Exercise description:
In the listing that follows, the lines starting at the one containing "Waterstone Resort &" and ending at the one containing "Impressie: # 7019" are to be returned exactly, both boundary lines included, and no others.
** Opening Available data block **
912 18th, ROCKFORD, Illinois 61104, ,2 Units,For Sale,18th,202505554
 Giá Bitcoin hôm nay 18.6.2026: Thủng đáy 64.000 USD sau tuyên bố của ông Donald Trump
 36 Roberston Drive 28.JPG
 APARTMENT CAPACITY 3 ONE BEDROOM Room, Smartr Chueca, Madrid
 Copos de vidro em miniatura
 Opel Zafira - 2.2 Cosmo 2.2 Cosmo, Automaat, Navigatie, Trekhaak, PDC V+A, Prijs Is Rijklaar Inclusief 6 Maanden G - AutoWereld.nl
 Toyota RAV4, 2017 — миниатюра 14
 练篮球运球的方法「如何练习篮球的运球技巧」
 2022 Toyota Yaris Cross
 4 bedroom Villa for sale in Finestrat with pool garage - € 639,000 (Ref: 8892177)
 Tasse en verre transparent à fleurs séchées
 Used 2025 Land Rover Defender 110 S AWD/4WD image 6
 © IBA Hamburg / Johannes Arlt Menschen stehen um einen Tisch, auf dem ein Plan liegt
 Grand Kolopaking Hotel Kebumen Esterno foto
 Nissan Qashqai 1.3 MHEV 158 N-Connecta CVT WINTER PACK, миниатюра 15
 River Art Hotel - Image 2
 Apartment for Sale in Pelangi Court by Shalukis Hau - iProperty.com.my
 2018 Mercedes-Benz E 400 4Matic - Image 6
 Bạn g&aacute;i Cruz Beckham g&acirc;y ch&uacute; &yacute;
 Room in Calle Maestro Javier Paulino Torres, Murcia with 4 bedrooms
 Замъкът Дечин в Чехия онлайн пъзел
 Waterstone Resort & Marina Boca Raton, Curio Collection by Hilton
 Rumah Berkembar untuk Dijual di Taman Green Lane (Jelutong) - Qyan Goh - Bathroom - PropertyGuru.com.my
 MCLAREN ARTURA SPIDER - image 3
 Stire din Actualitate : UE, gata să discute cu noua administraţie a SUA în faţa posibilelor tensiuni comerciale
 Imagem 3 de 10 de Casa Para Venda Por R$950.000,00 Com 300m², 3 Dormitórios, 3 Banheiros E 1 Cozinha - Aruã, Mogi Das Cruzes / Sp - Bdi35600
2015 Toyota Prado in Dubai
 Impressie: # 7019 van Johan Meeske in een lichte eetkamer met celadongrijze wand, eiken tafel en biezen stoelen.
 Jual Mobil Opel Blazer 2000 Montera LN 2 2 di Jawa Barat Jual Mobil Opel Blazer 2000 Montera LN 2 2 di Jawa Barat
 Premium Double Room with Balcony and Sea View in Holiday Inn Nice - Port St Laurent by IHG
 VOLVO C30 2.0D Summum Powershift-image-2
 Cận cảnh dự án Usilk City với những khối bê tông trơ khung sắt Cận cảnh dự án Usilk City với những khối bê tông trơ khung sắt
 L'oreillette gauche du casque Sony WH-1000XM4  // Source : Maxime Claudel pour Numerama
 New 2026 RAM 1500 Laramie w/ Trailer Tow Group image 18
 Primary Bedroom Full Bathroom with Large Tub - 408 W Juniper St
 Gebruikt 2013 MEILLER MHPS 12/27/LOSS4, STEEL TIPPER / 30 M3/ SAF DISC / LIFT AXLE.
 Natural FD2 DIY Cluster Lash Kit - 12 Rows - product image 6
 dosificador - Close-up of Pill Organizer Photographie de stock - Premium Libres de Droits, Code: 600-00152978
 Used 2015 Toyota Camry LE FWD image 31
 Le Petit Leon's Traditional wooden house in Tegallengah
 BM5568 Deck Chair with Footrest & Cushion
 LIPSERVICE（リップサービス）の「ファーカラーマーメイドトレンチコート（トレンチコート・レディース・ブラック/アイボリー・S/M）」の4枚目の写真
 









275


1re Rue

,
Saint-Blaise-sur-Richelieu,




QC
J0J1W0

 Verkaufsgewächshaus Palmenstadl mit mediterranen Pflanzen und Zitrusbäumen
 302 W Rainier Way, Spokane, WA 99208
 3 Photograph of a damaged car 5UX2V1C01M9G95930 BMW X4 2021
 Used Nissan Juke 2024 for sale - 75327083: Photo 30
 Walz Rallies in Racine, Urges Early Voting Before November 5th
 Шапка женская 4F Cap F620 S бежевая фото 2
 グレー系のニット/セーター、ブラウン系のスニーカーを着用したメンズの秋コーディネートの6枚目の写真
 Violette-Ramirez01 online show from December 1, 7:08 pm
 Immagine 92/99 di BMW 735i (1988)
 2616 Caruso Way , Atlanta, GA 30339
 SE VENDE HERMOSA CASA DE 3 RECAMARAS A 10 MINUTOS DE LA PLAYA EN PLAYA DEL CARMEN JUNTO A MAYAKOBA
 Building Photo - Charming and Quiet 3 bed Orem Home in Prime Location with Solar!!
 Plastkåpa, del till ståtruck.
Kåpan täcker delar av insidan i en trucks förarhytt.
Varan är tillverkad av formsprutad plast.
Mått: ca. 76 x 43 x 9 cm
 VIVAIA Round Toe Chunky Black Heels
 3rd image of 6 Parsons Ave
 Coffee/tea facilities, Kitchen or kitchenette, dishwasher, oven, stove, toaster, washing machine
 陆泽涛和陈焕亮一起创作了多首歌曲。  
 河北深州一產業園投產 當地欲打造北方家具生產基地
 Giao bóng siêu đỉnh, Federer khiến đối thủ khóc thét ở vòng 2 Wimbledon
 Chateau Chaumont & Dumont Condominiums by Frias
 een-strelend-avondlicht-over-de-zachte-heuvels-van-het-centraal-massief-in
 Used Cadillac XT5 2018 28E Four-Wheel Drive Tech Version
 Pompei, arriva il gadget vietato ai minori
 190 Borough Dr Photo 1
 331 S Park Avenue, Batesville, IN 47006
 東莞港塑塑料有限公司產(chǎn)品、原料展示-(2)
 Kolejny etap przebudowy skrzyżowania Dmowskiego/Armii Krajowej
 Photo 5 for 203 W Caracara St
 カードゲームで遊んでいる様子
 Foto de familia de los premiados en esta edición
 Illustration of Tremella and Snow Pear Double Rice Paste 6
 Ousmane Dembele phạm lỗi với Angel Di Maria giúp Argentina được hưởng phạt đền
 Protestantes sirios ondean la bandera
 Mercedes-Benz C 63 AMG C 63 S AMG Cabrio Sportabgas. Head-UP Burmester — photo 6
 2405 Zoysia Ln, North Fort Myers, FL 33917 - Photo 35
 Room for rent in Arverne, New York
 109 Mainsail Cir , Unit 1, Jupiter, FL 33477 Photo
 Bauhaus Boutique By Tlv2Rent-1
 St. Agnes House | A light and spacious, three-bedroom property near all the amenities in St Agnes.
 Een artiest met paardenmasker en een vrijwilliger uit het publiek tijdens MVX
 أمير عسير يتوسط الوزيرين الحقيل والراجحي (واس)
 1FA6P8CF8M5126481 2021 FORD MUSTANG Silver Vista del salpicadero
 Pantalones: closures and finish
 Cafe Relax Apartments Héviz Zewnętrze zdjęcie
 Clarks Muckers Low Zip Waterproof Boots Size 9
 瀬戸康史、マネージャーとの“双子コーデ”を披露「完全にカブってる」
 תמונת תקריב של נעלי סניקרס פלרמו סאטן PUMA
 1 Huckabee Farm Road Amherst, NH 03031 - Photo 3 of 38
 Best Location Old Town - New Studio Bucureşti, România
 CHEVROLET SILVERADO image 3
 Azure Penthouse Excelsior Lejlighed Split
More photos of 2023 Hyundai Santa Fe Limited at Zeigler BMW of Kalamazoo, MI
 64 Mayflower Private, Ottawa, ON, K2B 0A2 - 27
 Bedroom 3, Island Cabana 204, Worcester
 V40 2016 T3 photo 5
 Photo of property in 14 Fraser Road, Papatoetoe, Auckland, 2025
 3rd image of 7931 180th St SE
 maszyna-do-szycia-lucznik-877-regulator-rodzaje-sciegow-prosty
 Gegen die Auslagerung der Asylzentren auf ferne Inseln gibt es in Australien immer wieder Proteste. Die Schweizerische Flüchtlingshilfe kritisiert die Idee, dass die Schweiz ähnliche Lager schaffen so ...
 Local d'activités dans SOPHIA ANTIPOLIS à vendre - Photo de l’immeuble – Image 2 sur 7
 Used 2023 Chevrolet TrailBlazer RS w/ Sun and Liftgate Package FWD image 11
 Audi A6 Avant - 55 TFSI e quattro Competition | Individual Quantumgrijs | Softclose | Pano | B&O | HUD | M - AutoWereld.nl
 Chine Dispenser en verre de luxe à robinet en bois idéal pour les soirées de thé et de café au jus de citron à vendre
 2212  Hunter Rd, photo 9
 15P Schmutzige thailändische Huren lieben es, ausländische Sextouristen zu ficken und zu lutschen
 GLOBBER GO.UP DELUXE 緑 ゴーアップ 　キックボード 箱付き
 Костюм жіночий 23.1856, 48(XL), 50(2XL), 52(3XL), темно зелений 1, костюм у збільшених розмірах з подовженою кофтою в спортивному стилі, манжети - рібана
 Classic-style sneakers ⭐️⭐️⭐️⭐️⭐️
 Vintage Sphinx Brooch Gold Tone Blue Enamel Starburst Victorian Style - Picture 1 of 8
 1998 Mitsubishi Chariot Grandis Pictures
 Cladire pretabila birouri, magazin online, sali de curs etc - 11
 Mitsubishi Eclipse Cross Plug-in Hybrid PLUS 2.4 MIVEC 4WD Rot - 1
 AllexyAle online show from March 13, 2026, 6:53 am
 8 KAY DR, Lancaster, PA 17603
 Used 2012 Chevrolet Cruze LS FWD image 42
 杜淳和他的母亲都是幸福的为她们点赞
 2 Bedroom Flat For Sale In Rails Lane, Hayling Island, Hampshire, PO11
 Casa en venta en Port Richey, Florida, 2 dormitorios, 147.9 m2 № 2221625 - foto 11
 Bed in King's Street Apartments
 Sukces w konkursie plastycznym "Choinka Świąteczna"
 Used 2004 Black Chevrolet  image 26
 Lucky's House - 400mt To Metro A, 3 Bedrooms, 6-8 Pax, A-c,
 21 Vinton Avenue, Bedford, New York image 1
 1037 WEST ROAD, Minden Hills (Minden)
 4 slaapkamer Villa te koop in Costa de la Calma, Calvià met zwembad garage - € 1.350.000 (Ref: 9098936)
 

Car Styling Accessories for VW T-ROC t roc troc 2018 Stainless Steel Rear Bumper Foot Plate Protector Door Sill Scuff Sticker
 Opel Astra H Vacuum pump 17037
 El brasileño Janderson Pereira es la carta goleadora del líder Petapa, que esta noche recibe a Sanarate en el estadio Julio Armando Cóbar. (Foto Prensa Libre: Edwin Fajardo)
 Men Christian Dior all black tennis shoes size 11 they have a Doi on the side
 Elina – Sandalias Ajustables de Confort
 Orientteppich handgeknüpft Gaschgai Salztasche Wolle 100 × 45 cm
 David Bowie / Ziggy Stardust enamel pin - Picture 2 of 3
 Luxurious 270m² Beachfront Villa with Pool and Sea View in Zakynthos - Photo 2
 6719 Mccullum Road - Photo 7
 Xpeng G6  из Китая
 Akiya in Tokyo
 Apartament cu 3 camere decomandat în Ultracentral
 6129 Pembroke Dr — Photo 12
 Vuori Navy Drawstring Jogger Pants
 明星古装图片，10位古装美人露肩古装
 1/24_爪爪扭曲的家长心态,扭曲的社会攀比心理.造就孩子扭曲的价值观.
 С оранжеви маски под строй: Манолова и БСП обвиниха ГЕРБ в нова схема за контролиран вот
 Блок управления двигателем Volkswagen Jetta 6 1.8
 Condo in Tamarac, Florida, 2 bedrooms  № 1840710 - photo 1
** Closing Available data block **
Completed exercise:
 Waterstone Resort & Marina Boca Raton, Curio Collection by Hilton
 Rumah Berkembar untuk Dijual di Taman Green Lane (Jelutong) - Qyan Goh - Bathroom - PropertyGuru.com.my
 MCLAREN ARTURA SPIDER - image 3
 Stire din Actualitate : UE, gata să discute cu noua administraţie a SUA în faţa posibilelor tensiuni comerciale
 Imagem 3 de 10 de Casa Para Venda Por R$950.000,00 Com 300m², 3 Dormitórios, 3 Banheiros E 1 Cozinha - Aruã, Mogi Das Cruzes / Sp - Bdi35600
2015 Toyota Prado in Dubai
 Impressie: # 7019 van Johan Meeske in een lichte eetkamer met celadongrijze wand, eiken tafel en biezen stoelen.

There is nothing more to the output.